This is my mother, drawn by my father. Years ago, I took it out of his sketch book and had it framed, and now it sits beside my desk. I often focus on the round buttons and the round brooch on her dress.
The sketchbook dates from about 1942/43. This portrait is a very close likeness, as once observed by a visitor who saw the drawing and then a photo of Mum at about the same age.
It was a toss-up tonight between two photos that suited the theme of ‘ready’. One was of my father and his mates in the training camp, ready and waiting to be sent to the Middle East. And there was this one of an Egyptian kitchen hand bearing about 50 plates with more behind him, ready to serve all the extra patrons. His hands have a firm grip on his load…
This morning at 10 am it was about 25 degrees, blue skies, perfect. I was here at this small church with some of my family. That’s my husband in the spearmint green shirt.
I pointed my camera at the tree and a bit of sky, and found the sun shining straight onto my camera, so it’s glary at the top. As it is in life.
Today I’ve been to three places, my small camera tucked in my hand, looking for the right stranger, someone doing something I wanted to remember. I discovered an underground bookshop of uncatalogued books, and in a side nook, a café and a musician. He was the right stranger.
He sang a song I didn’t know: The Spider Song (Or Somewhere in the car) by Pat Drummond. I’ve just found the lyrics online as well as the stranger’s name. Fred Pilcher. Now I know who he is but he doesn’t know me. I’m the stranger.
The lyrics are a good read: http://www.patdrummond.net/Lyrics/Laughter/Somewhere_In_The_Car.html
29th Jan – My son and his fiancée showed us a circle of firs in a park, a green cathedral, where they will get married. If it doesn’t rain.
30th Jan – Tonight, just after falling asleep, I woke screaming. A large heavy painting had fallen off the wall behind my bed and slipped down behind a chair.
31st Jan – A woman in the Housing flats opposite my window just bought one heaped-up ice-cream cone from the Mr Whippy van. She’s holding it out for 5 children from the neighbourhood who take licks in turns.
1st Feb – I crossed the line today to congratulate another couple in the flats on the birth of their baby. They were gracious, grateful and clean-mouthed.
2nd Feb – A short walk from my house, in a small university run by the Dominican Order, monastic buildings enclose a round cloister and a garden, in which I found rose beds and a sign: No Smoking in the Rose Garden.
With my hands I’m typing what you are reading. With them I write letters and stories that you will not read. I can even add calligraphic flourishes. I can cook, drive, ride a bike because I have hands.

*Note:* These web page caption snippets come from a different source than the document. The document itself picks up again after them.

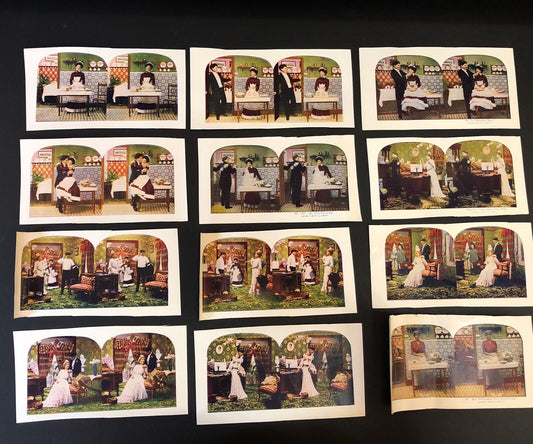 Stereo View Paper Cards Naughty Man & Maid Black Americana Lot of 12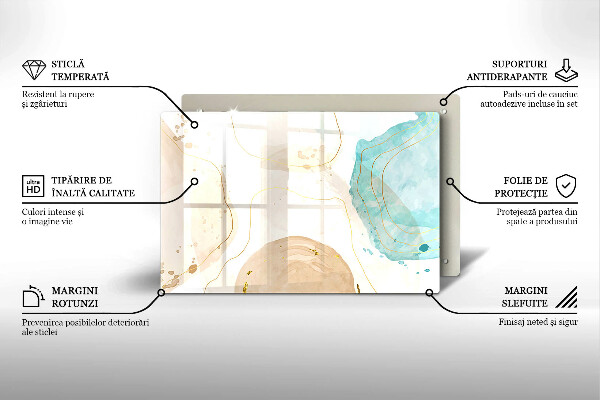 Skleněná deska za sporák Světlé boho tvary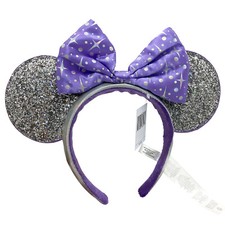 Disney-Parks Purple Bow Silver Sequin Minnie Mouse Ears Mickey Mouse Headband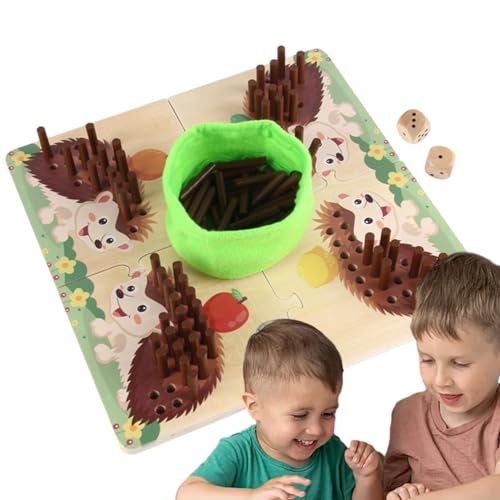 Igelstock-Puzzle – Feinmotorik-Spielzeug aus Holz | Puzzletafel zum Einfügen | Puzzlespiel zum Einfügen, frühes Igelbrett | Feinmotorikspiel mit P-Stab von Générique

But I can’t play an instrument.
For twenty years I’ve taken my sons to piano and guitar lessons, and now I hear live music in my home. How rich my life is because their hands play instruments.
I thank my son for playing This old love by Lior so I could photograph him. I could listen to him for hours.
I found this photo in the war album. I had to play with the levels because the words were barely visible in the original 2″ x 3″ photo, and I was amazed when I darkened it and saw what was written on this huge sign. It’s derived from Winston Churchill’s London broadcast on 22nd June 1941, following Germany’s invasion of Russia.
I don’t know where this building is, though it’s probably in north Africa. The album contains photos taken in 1941/42.
For a couple of years I’ve had a small copy of this painting on my wall. It reminds me of one of the photo challenges for January: Launch. On this last day of January, I want to show it to you. It’s a blogging analogy. On 1st January I started this blog, lifting off in colourful company. Some float with me, some observe from solid ground.
The hot air balloon launched at the Chateau de la Muette was the first untethered manned flight. It was invented by the Montgolfier brothers; thus, in French, it’s called a montgolfière. The painting above is part of the National Library collection here in Canberra.
24th Jan – A visitor arrived at the Housing flats but, before getting out of his car, was assailed by a tenant spewing the loudest tirade of abuse yet heard in this street. It was about money paid as maintenance for her 2 granddaughters – $50 a week. Her vocabulary was quickly exhausted, so for about 10 minutes she repeated two obscene words several times in each sentence.
25th Jan – I noticed when I knock on a door gently to wake someone, only the knuckle of my middle finger does the knocking.
26th Jan – A manuscript appraiser suggested I break up my translated text using a dinkus.
It’s a tiny design dividing otherwise undivided text. I like this one.
And below, here’s one in place.
Dinkus in ‘Almost French’ by Sarah Turnbull
27th Jan – My breakfast-on-the-deck was better than usual: I saw a possum curled up in a corner of the roof guttering. Turned out she was hiding something…
28th Jan – As I drove onto the bridge to cross the lake, I had to slow for 15 horses and riders and a black and white sheepdog in my lane.